Fourier Transform
Imports¶
import numpy as np
import scipy as sp
import matplotlib.pyplot as plt
from matplotlib.patches import Rectangle
from mpl_toolkits.axes_grid1.inset_locator import inset_axes
from openseize.core import numerical
Introduction¶
The Fourier integral transform and its discrete counterpart play a pivotal role in the analysis of EEG signals. This transform maps a function that lives in the time-domain space to a new function that lives in a frequency-domain space. This is accomplished by representing the time-domain function as a superposition or sum of many sines and cosines, formally called an orthonormal basis. Each of these sines and cosines are parameterized with an amplitude and unique frequency. The square of each individual amplitude conveys how much power that particular sine/cosine wave is needed to represent the time-domain function. This powerful decomposition allows researchers to identify the strength (power) of periodic components in their EEG signal. This tutorial lightly covers the mathematics of the Fourier Transform and its application to data.
Mathematics¶
Fourier Transform¶
The Fourier Transform of a continuous signal $x(t)$ is defined as:
$ X^F(\omega) = \{\mathcal{F}\}x(\omega) = \int \limits_{-\infty}^{\infty} x(t)e^{-i\omega t}dt \quad (1) $
Here we are thinking of $x(t)$ as a function that lives in the time domain space and $X^F(\omega)$ as a function that lives in the frequency domain space.
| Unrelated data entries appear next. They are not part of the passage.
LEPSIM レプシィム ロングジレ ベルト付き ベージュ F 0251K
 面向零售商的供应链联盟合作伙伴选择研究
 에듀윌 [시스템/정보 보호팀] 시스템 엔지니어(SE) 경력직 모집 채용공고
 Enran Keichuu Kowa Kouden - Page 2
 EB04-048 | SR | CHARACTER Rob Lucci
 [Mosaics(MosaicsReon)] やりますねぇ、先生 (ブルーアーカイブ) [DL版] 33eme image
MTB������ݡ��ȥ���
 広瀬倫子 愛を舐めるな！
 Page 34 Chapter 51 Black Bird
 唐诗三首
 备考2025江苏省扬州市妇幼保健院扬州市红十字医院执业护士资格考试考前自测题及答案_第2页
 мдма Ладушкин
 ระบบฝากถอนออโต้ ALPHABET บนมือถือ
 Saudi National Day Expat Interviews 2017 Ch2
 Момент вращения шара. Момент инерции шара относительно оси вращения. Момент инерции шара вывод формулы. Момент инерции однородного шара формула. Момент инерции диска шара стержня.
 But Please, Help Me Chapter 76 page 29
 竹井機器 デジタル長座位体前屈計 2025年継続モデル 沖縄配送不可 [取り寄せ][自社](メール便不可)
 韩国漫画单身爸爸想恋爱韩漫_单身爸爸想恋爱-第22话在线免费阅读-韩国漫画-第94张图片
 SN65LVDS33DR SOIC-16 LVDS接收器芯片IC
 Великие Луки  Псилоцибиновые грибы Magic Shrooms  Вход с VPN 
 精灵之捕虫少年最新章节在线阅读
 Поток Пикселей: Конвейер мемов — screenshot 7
Recalling that $e^{-i\omega t} = \cos(\omega t) - i \sin(\omega t)$ (Euler's formula), we are projecting $x(t)$ onto a infinite sequence of sines and cosines in order to carry $x(t)$ from the time domain space to the frequency domain space. Here we define $\omega$ as the angular frequency (radians/sec) and then $f = \frac{\omega}{2 \pi}$ is in Hertz.
Discrete Fourier Transform¶
For discrete signals $x[n]$ there is a complementary Discrete Fourier Transform defined as:
$ X^F(\theta) = \{\mathcal{F}\}x(\theta) = \sum \limits_{n=-\infty}^{\infty} x(n)e^{-i\theta n} \quad (2) $
Here $\theta$ is a continuous variable that runs from 0 to $2 \pi$. Its units are radians per sample.
Notice that $X^F(\theta)$ is still a function defined over all $\theta \in [0, 2\pi]$. On a computer, we can't hold an infinite number of frequencies, so we will need to Sample the Discrete Fourier Transform (DFT). That is, we will sample $\theta$ at N equally spaced points in [0, 2$\pi$].
$ \theta[k] = \frac{2\pi k}{N} \quad 0 \leq k \leq N-1 \quad (3) $
Additionally, we note that EEG signals are finite duration (they don't go from $-\infty$ to $\infty$ like Eqn. 2). EEGs are defined from n=0 to n=N-1 where N is the number of samples taken in Eqn. 3, so we will we define the DFT to be zero everywhere except $n \in [0, N-1]$. To avoid confusion this tutorial will rename N to NFFT to make explicit that we are sampling the DFT at N=NFFT points.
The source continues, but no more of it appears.